藤井 そうですね。そこもそういったところも気になるし。あとそういう生活の中で、自分の趣味のスケジュールと仕事のスケジュールの間で、どこまで(趣味に)のめり込んでいいのかっていうような悩みとかもあったりします。

矢野 ほんとですね。いやいや私は今趣味が研究みたいになっているので。

矢野先生の、趣味

矢野 いやほんとにそれが今は楽しいから、最初趣味がなくてどうしようって思ってたんですけど。でも企業で勤めている友人が、そういうふうに私がこぼしているのを聞いて、「趣味が仕事ってすごい素晴らしいことじゃない? 研究っていうのが趣味っていうことは生涯やれることなんじゃない?」と言ってくれて、そうかと気づきました。

藤井 趣味も結構仕事につながってきてたりして。趣味だと、仕事とは違う世代間の交流があって、すごく勉強になっていますね。

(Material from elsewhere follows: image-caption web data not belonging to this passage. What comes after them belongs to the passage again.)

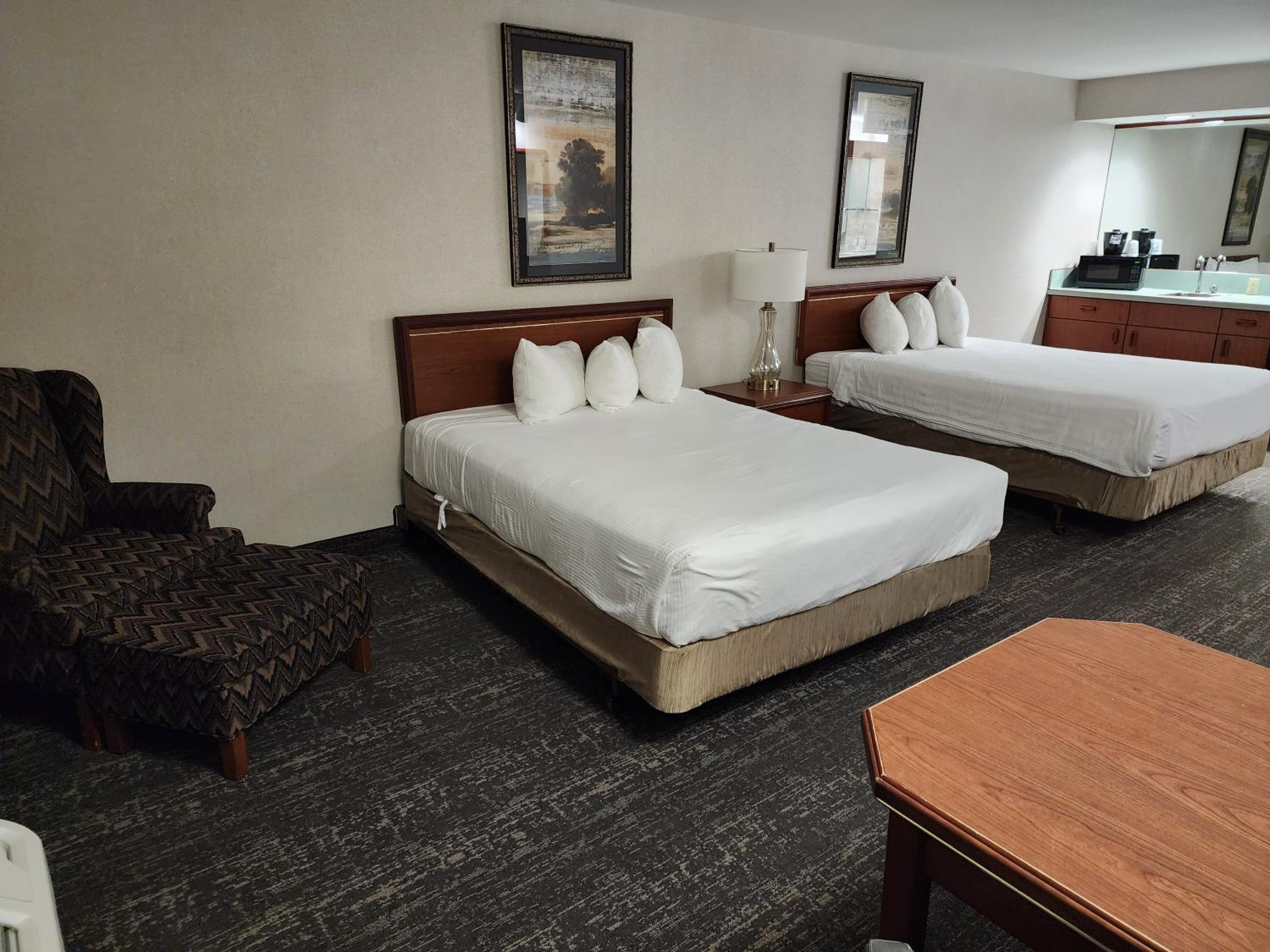 Executive Mini Suite 2 Queen Beds photo 1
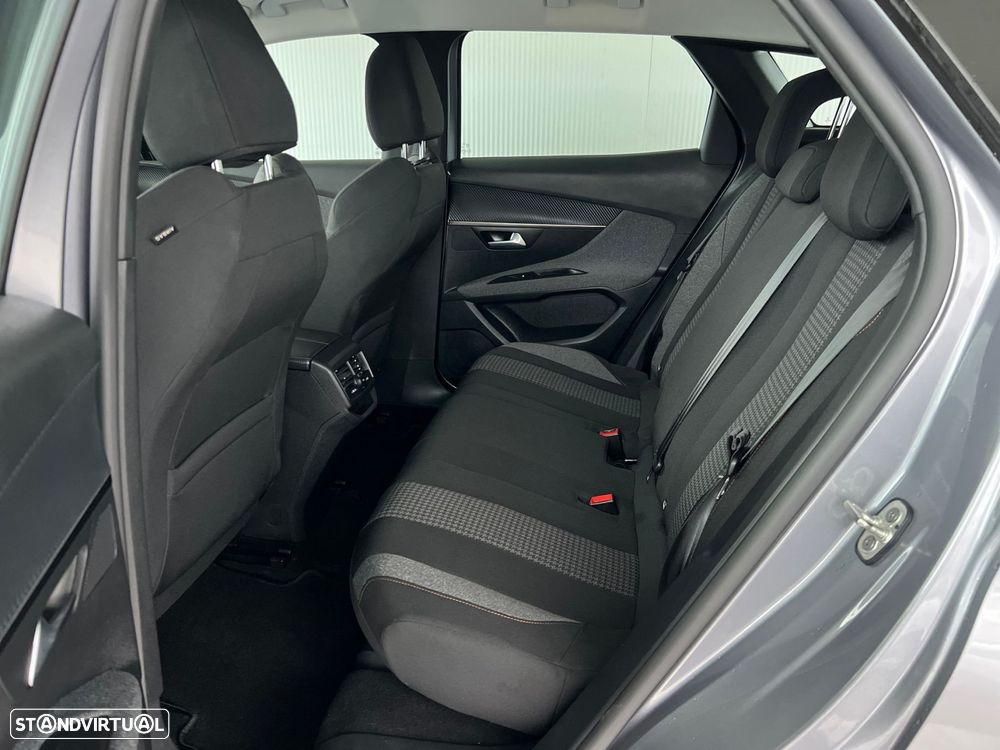 Peugeot 3008 1.5 BlueHDi Active Pack - 27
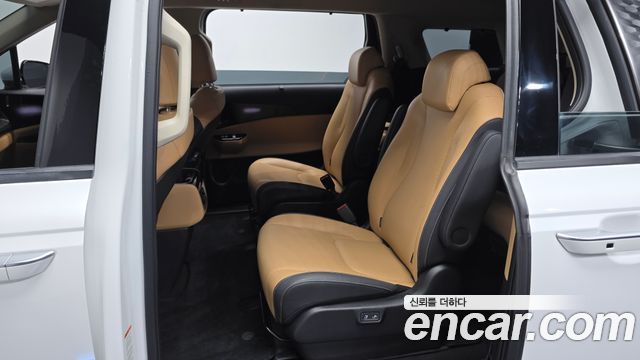 Kia Canival 2023 — photo 17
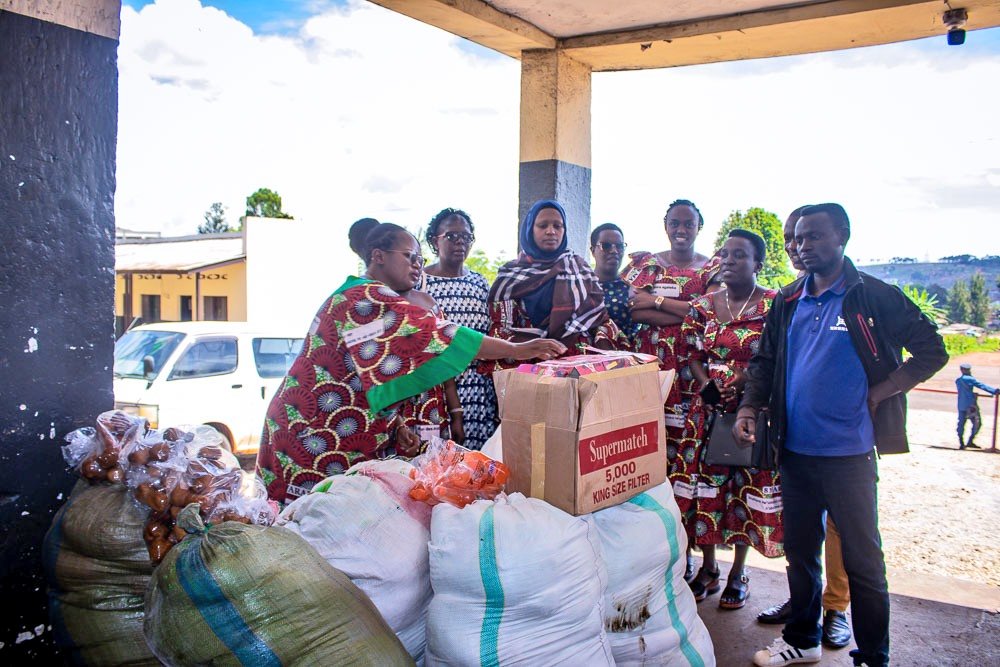 Gitega's tweet photo. Ce mercredi le 29/4/2026, les autorités provinciales de @Gitega, en collaboration avec le Forum des Femmes de la province et la Direction Provinciale des Droits de la Personne Humaine et du Genre (#DPDPHG), ont rendu visite aux femmes incarcérées à la prison centrale de #Gitega. https://t.co/c7R8uClfID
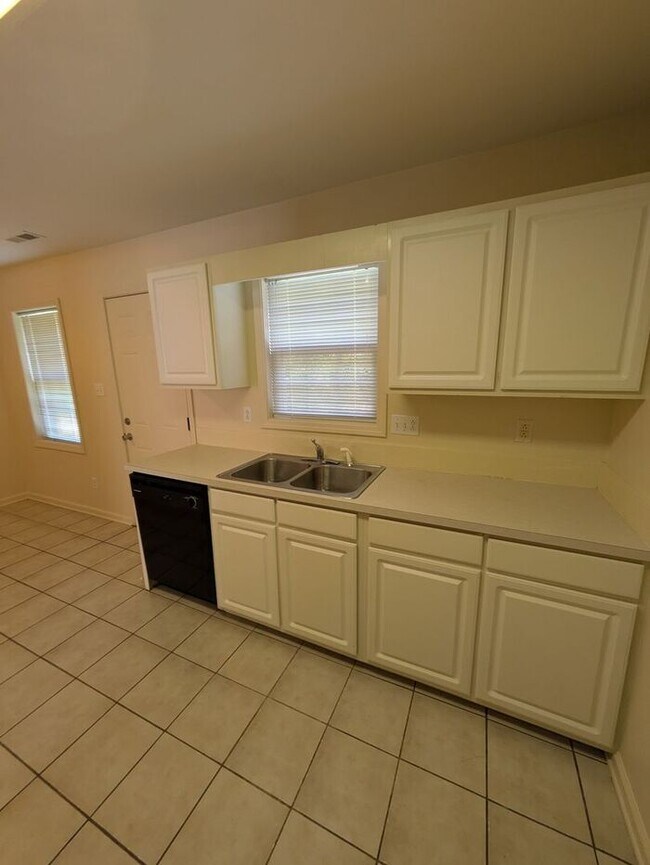 Photo - 2BD/2.5BA Unit at Water Oaks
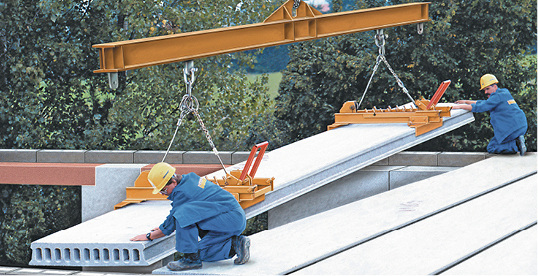 



Dennert: Setzen eines Spannbetondecken-Elements. 
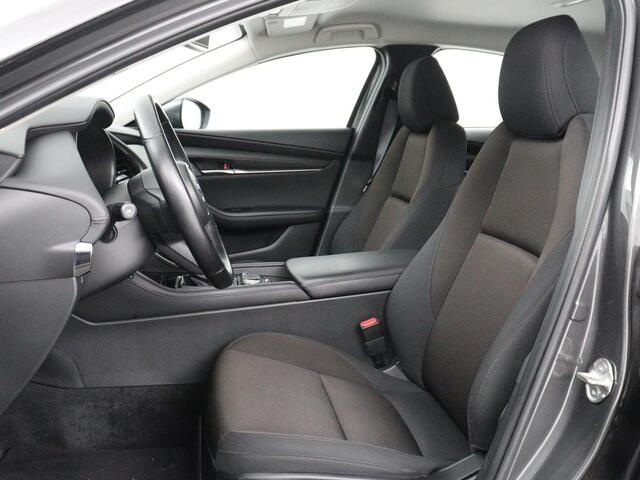 Mazda 3 2.0 e-SkyActiv-G Comfort | Carplay | Camera | Stoel & Stuurverwarming | Full LED | Head-up | Adaptive Cruise | Navigatie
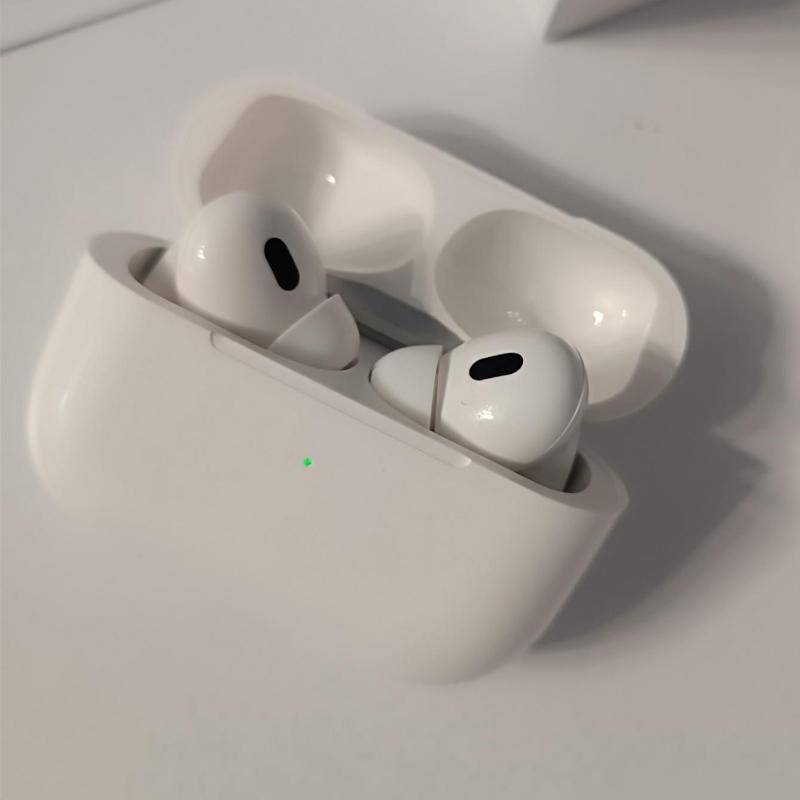 TWS Stereo Wireless 5.0 Bluetooth Earphone In-Ear Mini Earbuds Gaming Sport Headset Med Laddningsbox Mic För IOS Android Smartphones vit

矢野 いや絶対いいと思います。そうですよね。いろんな刺激入って、そういうのすごくいいなと思いますね、ほんとに。
オンとオフがあるってすごく大事ですよね。

藤井 違う世界に入るって感じですよね。

矢野 そうです。それが今すごく楽しいし、刺激だなと思います。年間の中で、今コロナで行けないんですけど、家族と旅行を1週間くらい行くことを春や秋は入れてたんです。それは唯一そうかもしれない。
 

藤井 そうですね、私も大きい気分の切り替えってなかなか難しいけど、お気に入りのカフェを見つけて行って、そこに逃げ込むというか、本を携えて逃げ込んだりだとか。本屋さんをわけもなくタイトル見てうろうろするっていうのは、日常の中のショートトリップですね。

矢野 いいですね、いいと思います。
私は出張の移動のときは絶対本読むって決めてて。出張がなくなると、読書量が減ってしまいました。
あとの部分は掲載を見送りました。